126 Philippe Hamon, « D’une gêne théorique à l’égard du fragment : Du fragment en général et au XIXe siècle

en particulier », Théorie et pratique du fragment, Lucia Omacini et Laura Este Bellini (dir.), Genève, Slatkine, 2004, p. 87.

significations comme le détail qui s’inscrit dans un rapport permanent et continuel à la totalité.

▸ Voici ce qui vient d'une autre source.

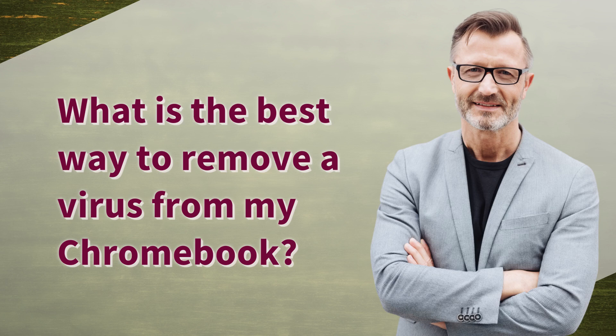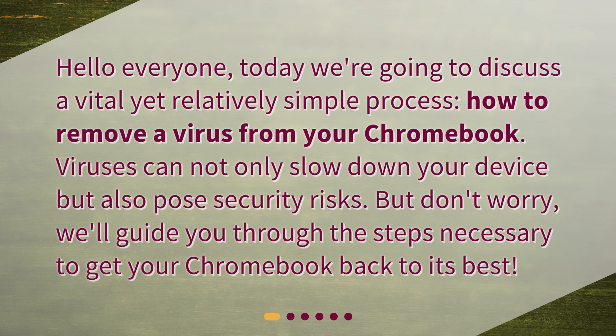What is the best way to remove a virus from my Chromebook? Hello everyone! Today we're going to discuss a vital yet relatively simple process — how to remove a virus from your Chromebook. Viruses can not only slow down your device but also pose security risks. But don't worry, we'll guide you through the steps necessary to get your Chromebook back to its best.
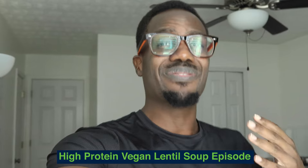Welcome back warriors! You spoke and I listened — I saw that a lot of you were interested in high-protein vegan meals, so I made the mother lode of vegan protein. We're going to have a lentil vegan soup. I'm here in my office right now, but I'm not going to hold you too long — let's go right into the recipe.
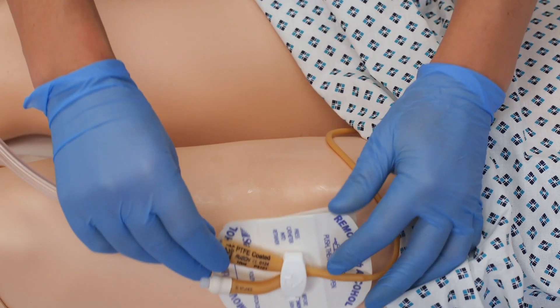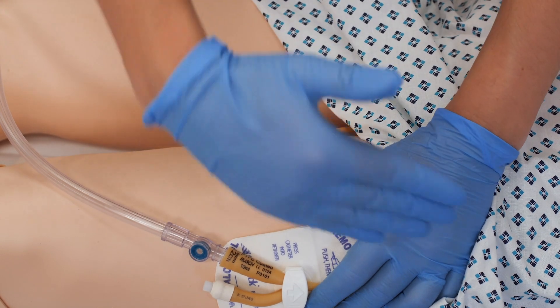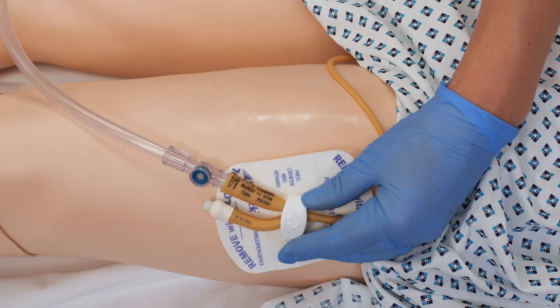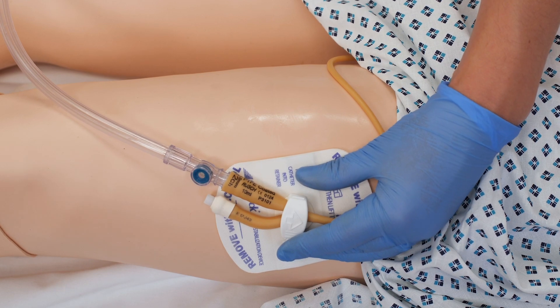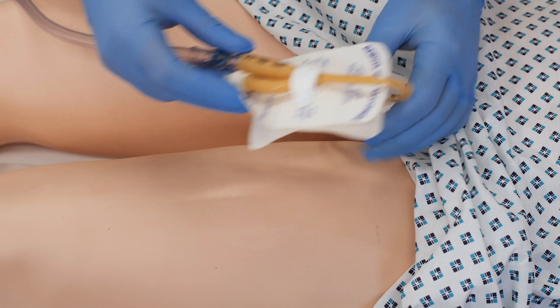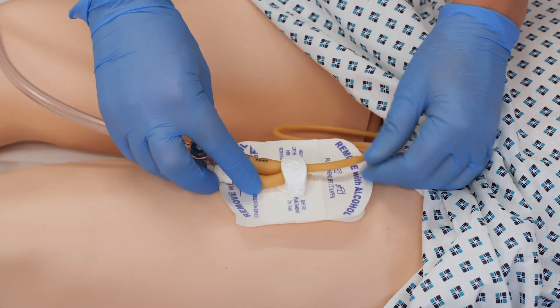Likewise, on the outer side, as patients are positioned over on that side, there's a risk of causing damage. So that's dry now and we're going to pop this on top of the leg.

La continuité dans laquelle l’analyse freudienne situe le détail qu’elle envisage s’apparente, en termes de théorie du langage, à celle de la prose plutôt qu’à celle de la poésie. Comme le remarque Jakobson :

Le principe de similarité gouverne la poésie ; le parallélisme métrique des vers et l’équivalence phonique des rimes imposent le problème de la similitude et du contraste sémantiques ; il existe, par exemple, des rimes grammaticales et antigrammaticales, mais jamais de rimes agrammaticales. La prose, au contraire, se meut essentiellement dans les rapports de contiguïté. De sorte que la métaphore pour la poésie et la métonymie pour la prose constituent la ligne de moindre résistance, ce qui explique que les recherches sur les tropes poétiques soient orientées principalement vers la métaphore. La structure bipolaire effective a été artificiellement remplacée, dans ces recherches, par un schème unipolaire amputé, qui, de manière assez frappante, coïncide avec l’une des formes d’aphasie, en l’occurrence le trouble de la contiguïté 127.

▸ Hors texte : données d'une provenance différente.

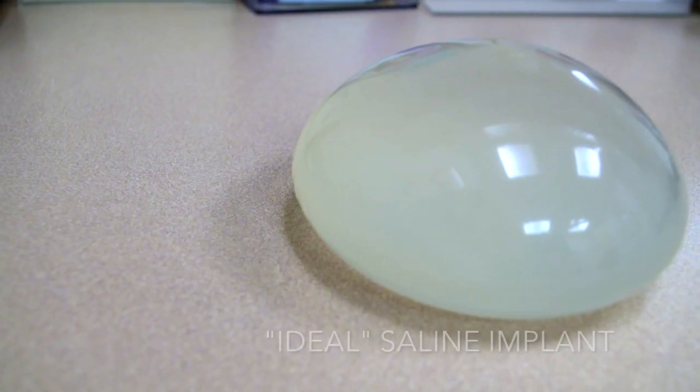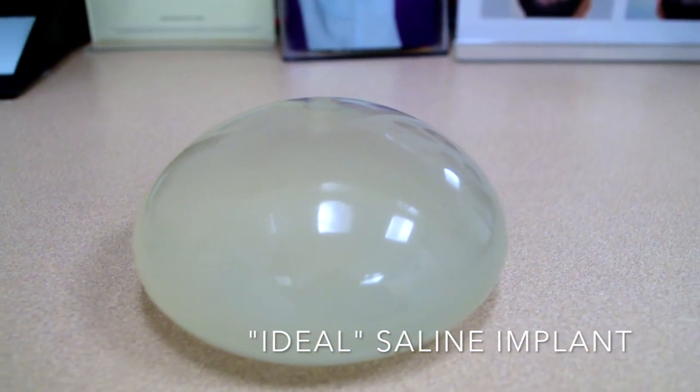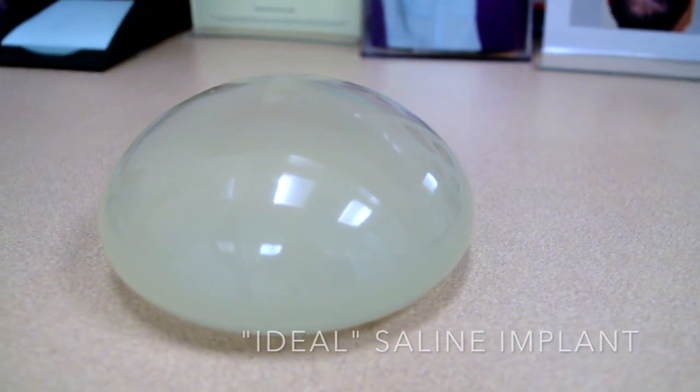The majority of patients in my practice use silicone gel, but there's a very significant percentage of my patients that use saline and are very happy with it. When you have a good breast — meaning a reasonable amount of breast tissue before the operation, something like a B cup — and or you have adequate body fat, meaning the woman is not particularly lean, saline implants can be an amazing alternative to silicone for women concerned about silicone safety.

Ainsi, quelle que soit la perspective choisie pour l’analyse, le détail doit être envisagé dans sa relation avec l’ensemble ; mais suivant quelles modalités ? Hamon, qui semble répondre à la formule d’Alain évoquée plus haut, énonce ainsi les différentes modalités que peut prendre le rapport de la partie au tout, du détail à l’ensemble :

Comprendre, c’est donc intégrer la partie dans un tout, le détail dans l’ensemble, le signe dans une consigne plus générale, le fragment dans une dominante, le hors-d’œuvre dans l’œuvre. Encore faudrait-il préciser le type de relation qui doit s’instaurer entre tout et parties : un rapport d’intégration doit-il être pensé fonctionnellement (la partie sert le tout ; le tout régit la partie) ? Doit-il être pensé […] analogiquement (la partie reproduit, en petit, le tout, en est en quelque sorte la « maquette », le « modèle réduit », la « légende » permettant de lire, en clair et localement, une globalité complexe) ? Doit-il être pensé diachroniquement (la partie précède le tout

dans le projet, dans la conception et la génération de l’œuvre, ou est-ce l’inverse ? Est-ce la rime qui suscite le vers, ou est-ce l’inverse ?)128.

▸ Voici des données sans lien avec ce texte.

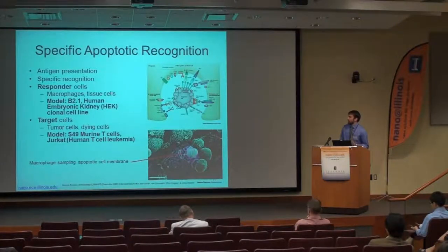We'll be looking at how our model apoptosing cells — cells undergoing apoptosis — interact with our responder cells. Our target cells are a T-cell line in which we are capable of inducing apoptosis, and our responder cells — the local histiocytes or macrophages — are HEK-derived cells.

Quelle que soit la forme que prend la mise en relation du tout et de la partie, le détail continue de tendre au tout comme la pensée philosophique tend à l’universel129, suivant, de la même manière, la tendance de la pensée occidentale à rechercher l’unité130. Ainsi on rencontre déjà chez Aristote l’idée que les détails doivent être subordonnés au tout et que l’auteur de représentations doit tendre à l’unité :

Aussi, de même que, dans les autres arts de représentation, l’unité de l’objet, de même l’histoire, qui est représentation d’action, doit être d’une action une et qui forme un tout ; et les parties que constituent les faits doivent être agencées de telle sorte que, si l’une d’elles est déplacée ou supprimée, le tout soit disloqué et bouleversé. Car ce dont l’adjonction ou la suppression n’a aucune conséquence visible n’est pas une partie du tout131.